Mais le président de la République ne loge pas dans ce Palais de la Nation, ce qui interroge sur les objectifs des mutins qui se sont emparés de l’endroit où ils ont pu descendre les couleurs congolaises pour faire flotter au vent – pas encore levé – le drapeau zaïrois, sans jamais mettre en danger le pouvoir en place en RDC.

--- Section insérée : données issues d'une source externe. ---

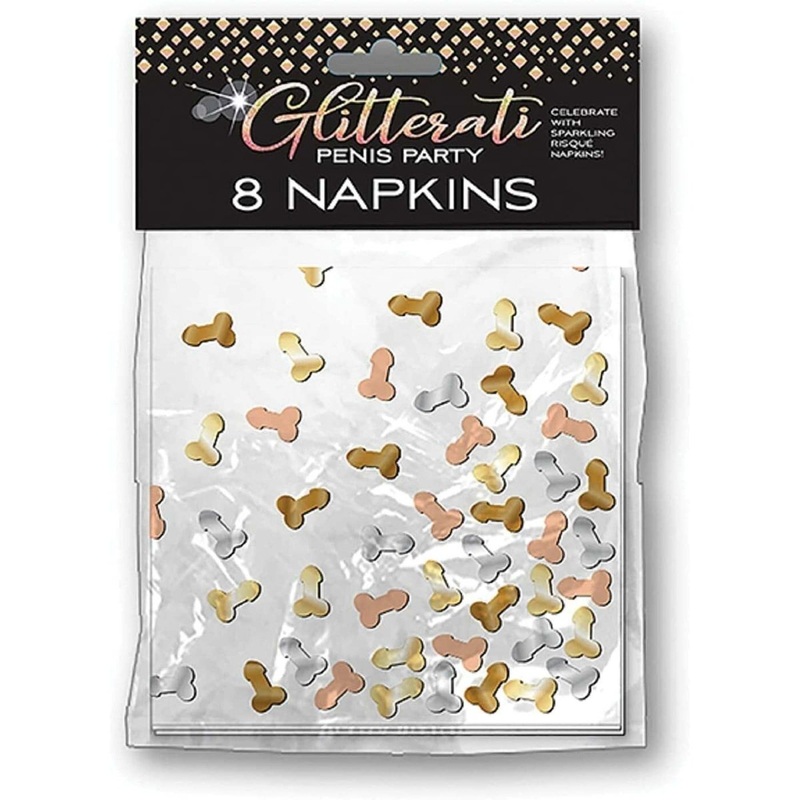 Glitterati Bachelotette Party Small Beverage Napkins, 8 Count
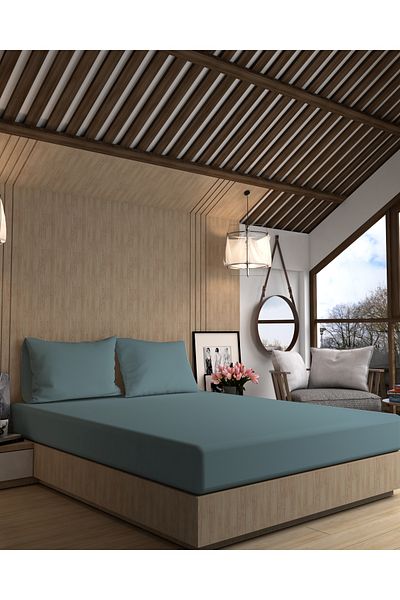 MyStory Home ملاءة سرير مفردة ذات حافة مستقيمة نيلي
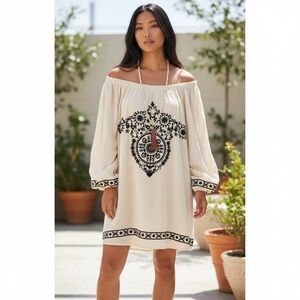 Sosie Boho Embroidered Off-Shoulder Midi Dress | NWT | Size M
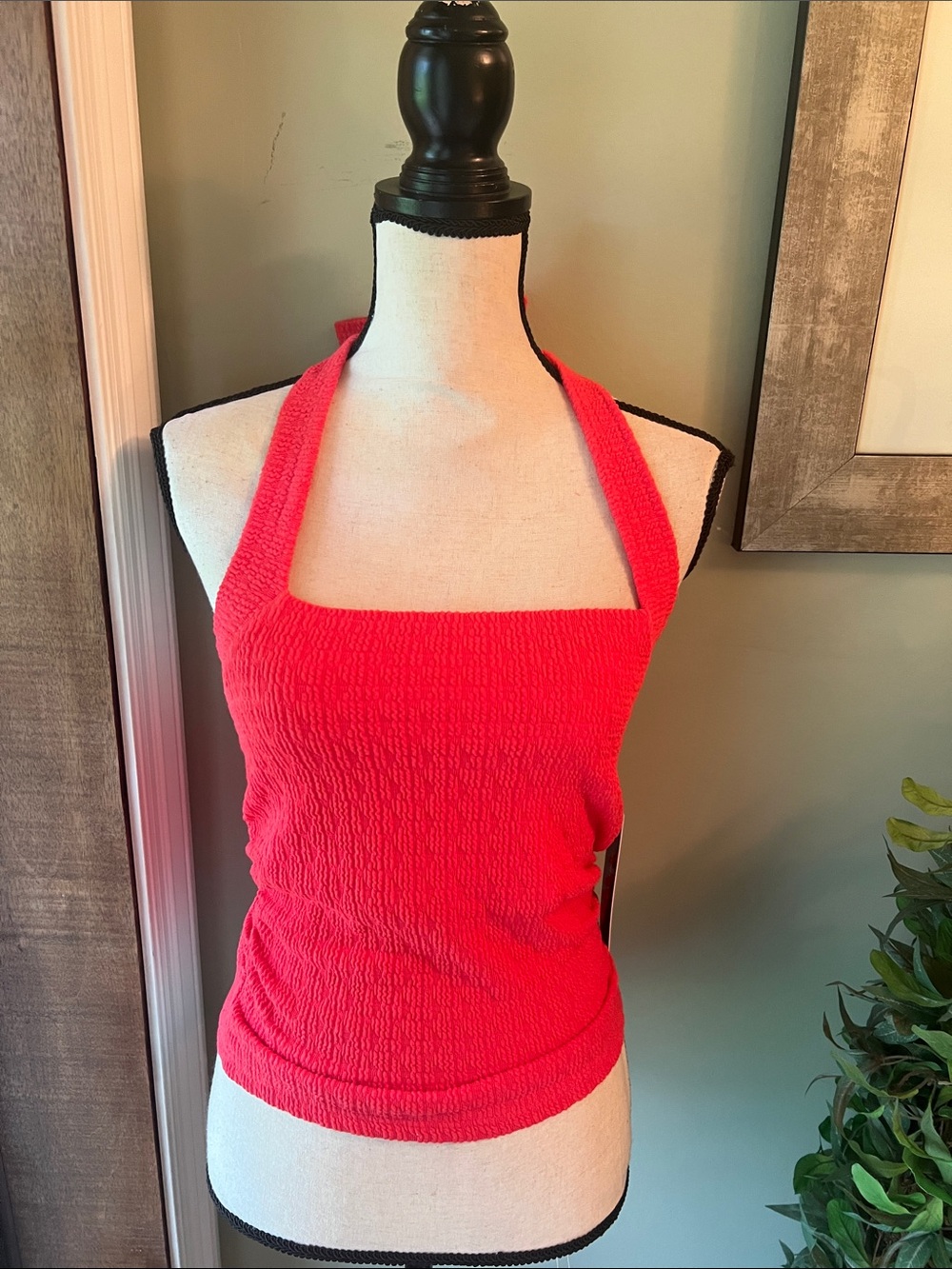 Moa Moa Bright Red Halter Smocked Tank Top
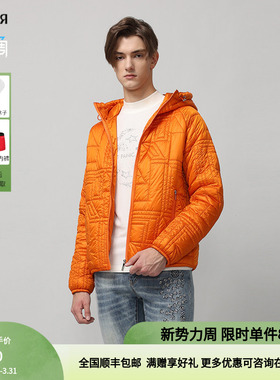 RARE威雅男装奥莱秋冬男士橙色满身R字绣花连帽休闲棉外套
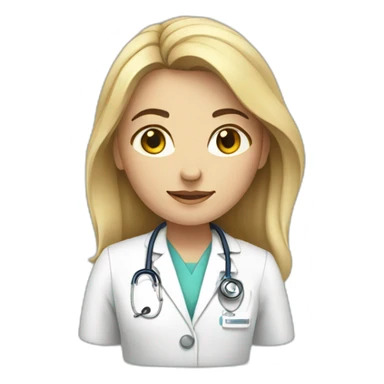 a female doctor in a white coat sticker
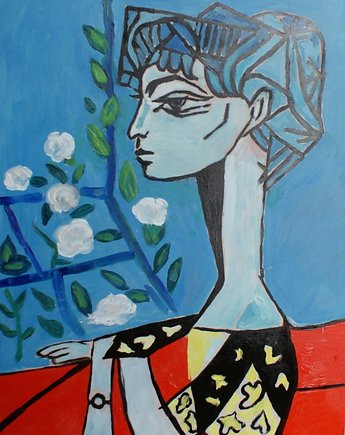 Kolorowy obraz olejny do salonu Pablo Picasso Jacqueline z kwiatami, alice oil on canvas
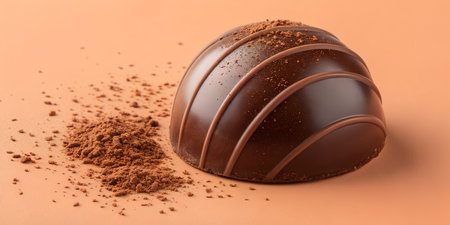 Indulge in decadent dark chocolate truffle perfection on creamy caramel background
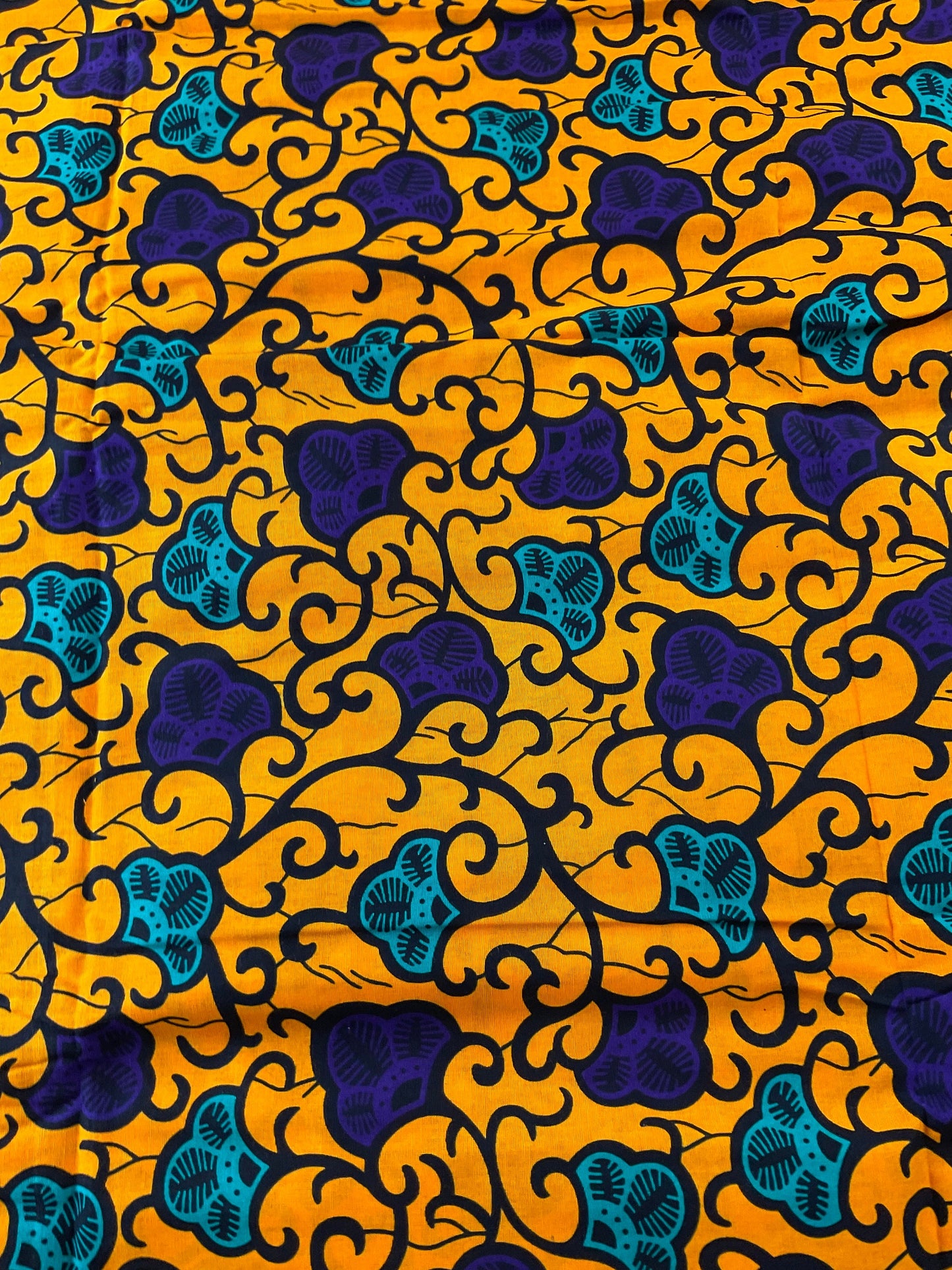 Ankara Fabric/African Fabric/Triba Print/Yellow Purple Turquoise Fabric/Headwrap Fabric/Wax Print Fabric/Tissu Ankara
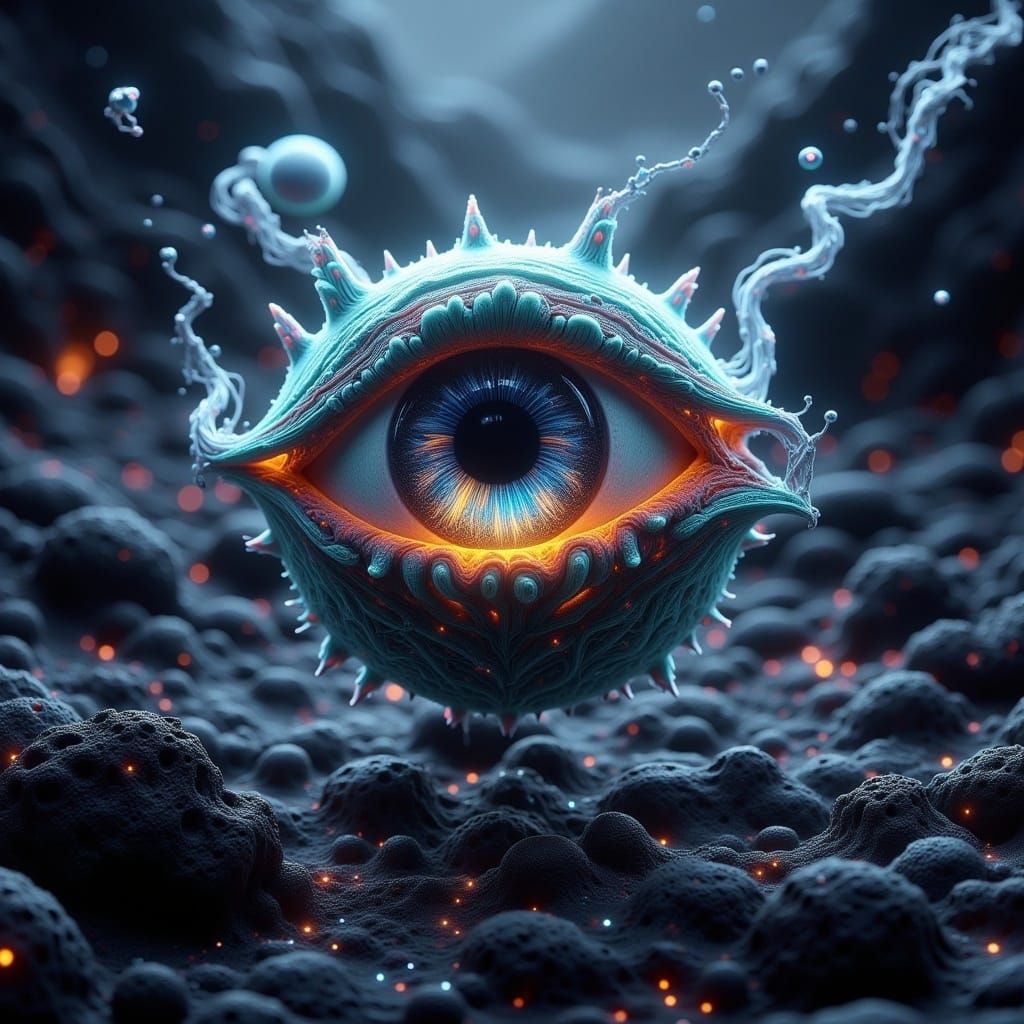 Floating Eyeball in Space with Ethereal Glow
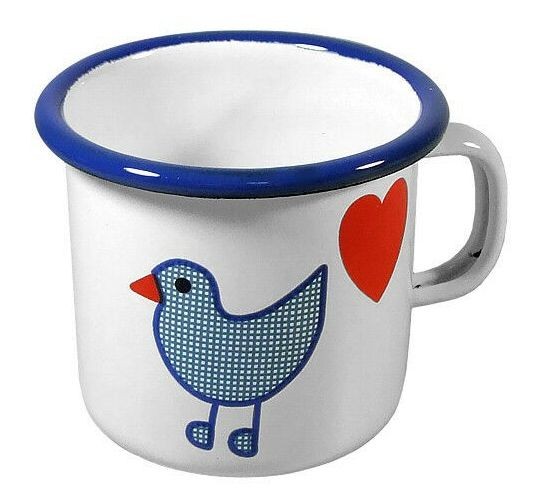 Bílý smaltovaný hrnek s ptáčkem Vogel - Ø7*7cm - 200ml Münder Email
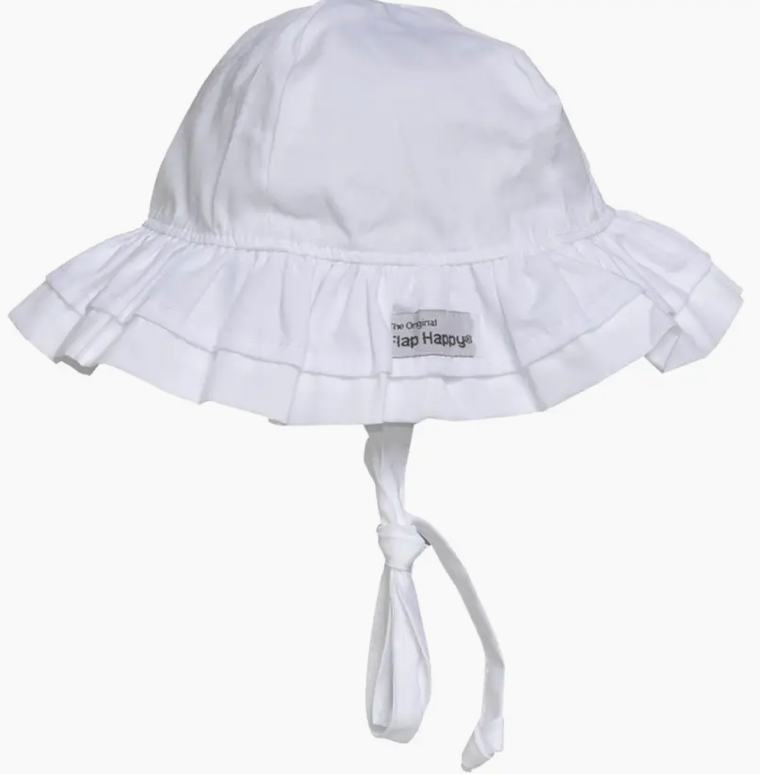 Double Ruffle Hat UPF 50+- White - Flap Happy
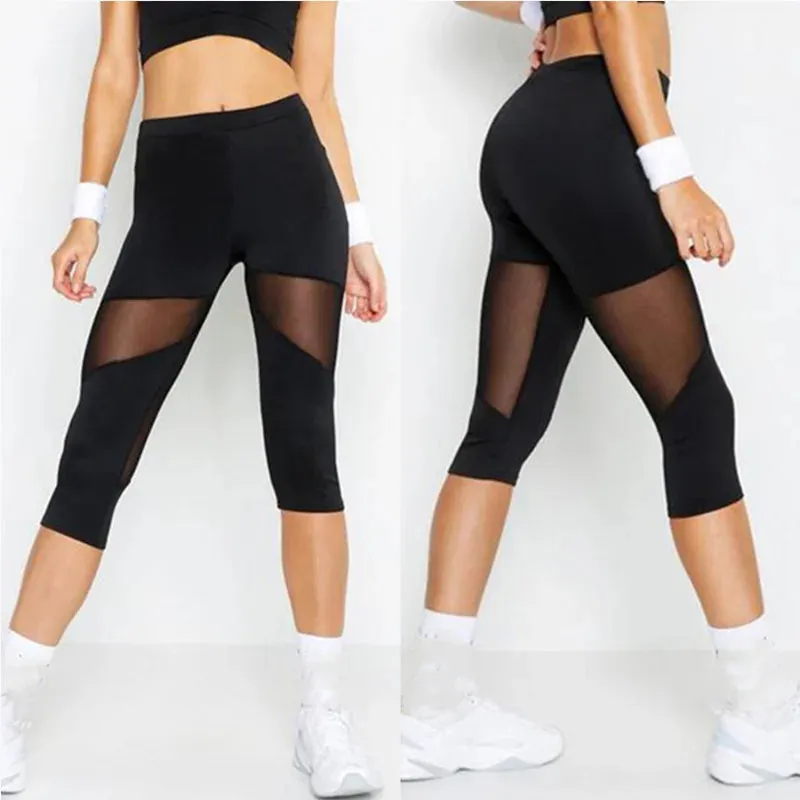 Stylish Black Mesh Patchwork Fitness Leggings for Women - Elastic Capri Jeggings Perfect for Yoga and Workouts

Le leader du mouvement, Christian Malanga, abattu en fin de matinée après sa débâcle, était à la tête d’un parti politique baptisé New Zaïre. Ce membre de la diaspora congolaise était de passage en Belgique il y a une dizaine d’années pour présenter son mouvement et expliquer, avec un accent américain surjoué, qu’il entendait rétablir l’ordre dans le pays en renversant le pouvoir de “l’usurpateur Kabila”.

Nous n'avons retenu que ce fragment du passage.